The set of all antiderivatives of $f(x)$ is the indefinite integral of $f$, denoted by
$$\int f(x)\mathrm{d}x.$$ |
Let’s analyze this indefinite integral notation.
The integration symbol, $\int $, is in reality an “elongated S,” representing “take the sum.” We will later see how sums and antiderivatives are related.
The function we want to find an antiderivative of is called the integrand. It contains the differential of the variable we are integrating with respect to. The $\int $ symbol and the differential $\mathrm{d}x$ are not “bookends” with a function sandwiched in between; rather, the symbol $\int $ means “find all antiderivatives of what follows,” and the function $f(x)$ and $\mathrm{d}x$ are multiplied together; the $\mathrm{d}x$ does not “just sit there.”
Let’s practice using this notation.
Evaluate $\int \mathrm{sin}x\mathrm{d}x$.
SolutionWe are asked to find all functions $F(x)$ such that ${F}^{\prime}(x)=\mathrm{sin}x$. Some thought will lead us to one solution: $F(x)=-\mathrm{cos}x$, because
$\frac{\mathrm{d}}{\mathrm{d}x}(-\mathrm{cos}x)=\mathrm{sin}x$.

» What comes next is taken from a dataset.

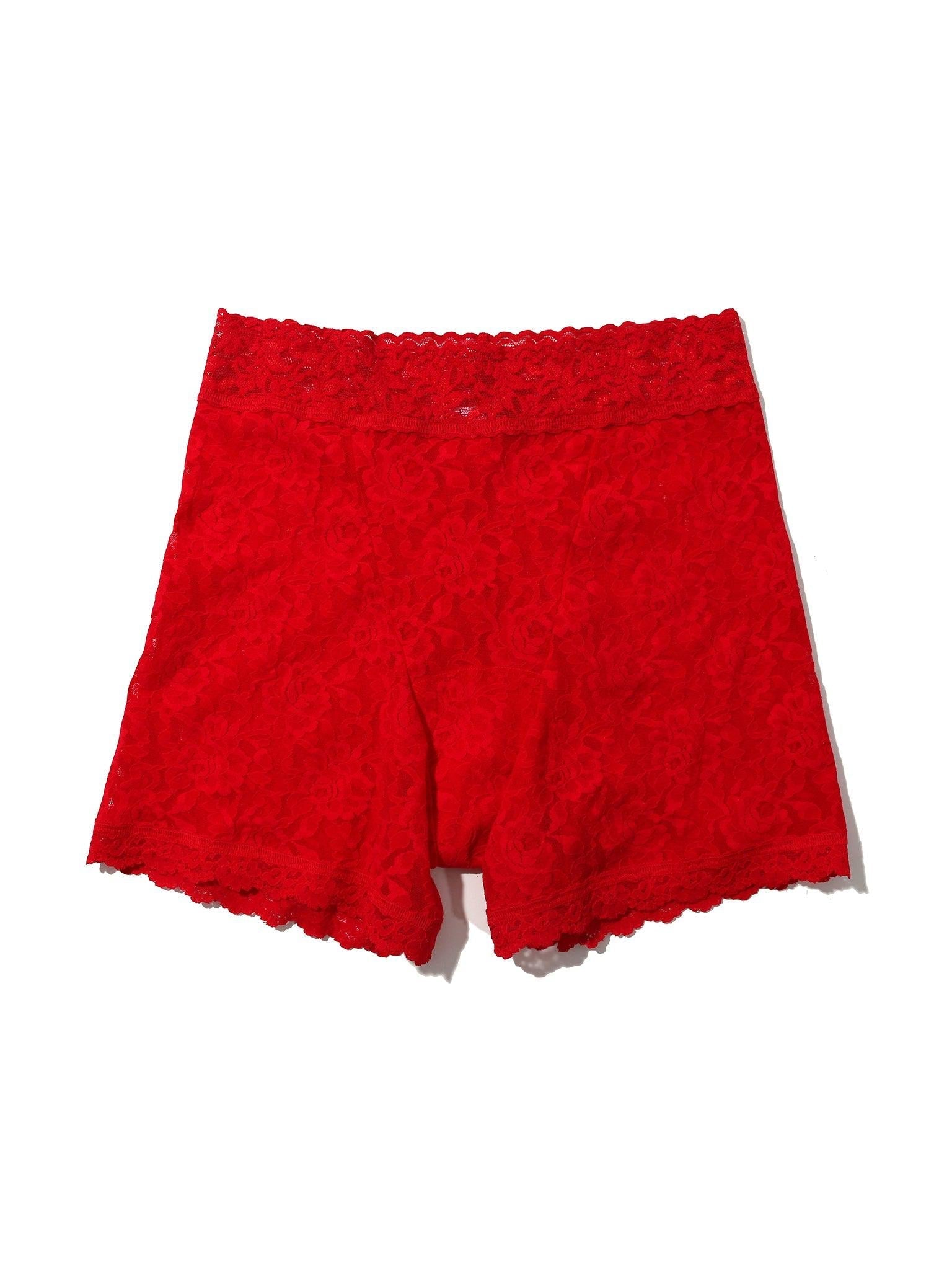 Signature Lace Boxer Brief - Soft & Breathable Men's Underwear for Everyday Comfort | Perfect for Workout, Sleep & Daily Wear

The indefinite integral of $\mathrm{sin}x$ is thus $-\mathrm{cos}x$, plus a constant of integration. So:
$$\int \mathrm{sin}x\mathrm{d}x=-\mathrm{cos}x+C.$$ |
A commonly asked question is “What happened to the $\mathrm{d}x$?” The unenlightened response is “Don’t worry about it. It just goes away.” A full understanding includes the following.

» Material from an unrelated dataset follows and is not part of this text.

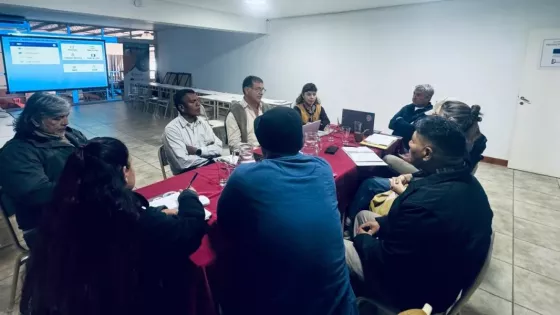 Autoridades de Defensa Civil y la empresa Seaboard analizaron planes de emergencia forestal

This process of antidifferentiation is really solving a differential question. The integral
$$\int \mathrm{sin}x\mathrm{d}x$$ |
presents us with a differential, $\mathrm{d}y=\mathrm{sin}x\mathrm{d}x$. It is asking: “What is $y$?” We found lots of solutions, all of the form $y=-\mathrm{cos}x+C$.
Letting $\mathrm{d}y=\mathrm{sin}x\mathrm{d}x$, rewrite
$$\int \mathrm{sin}x\mathrm{d}x\mathit{\hspace{1em}}\text{as}\mathit{\hspace{1em}}\int \mathrm{d}y.$$ |
This is asking: “What functions have a differential of the form $\mathrm{d}y$?” The answer is “Functions of the form $y+C$, where $C$ is a constant.” What is $y$? We have lots of choices, all differing by a constant; the simplest choice is $y=-\mathrm{cos}x$.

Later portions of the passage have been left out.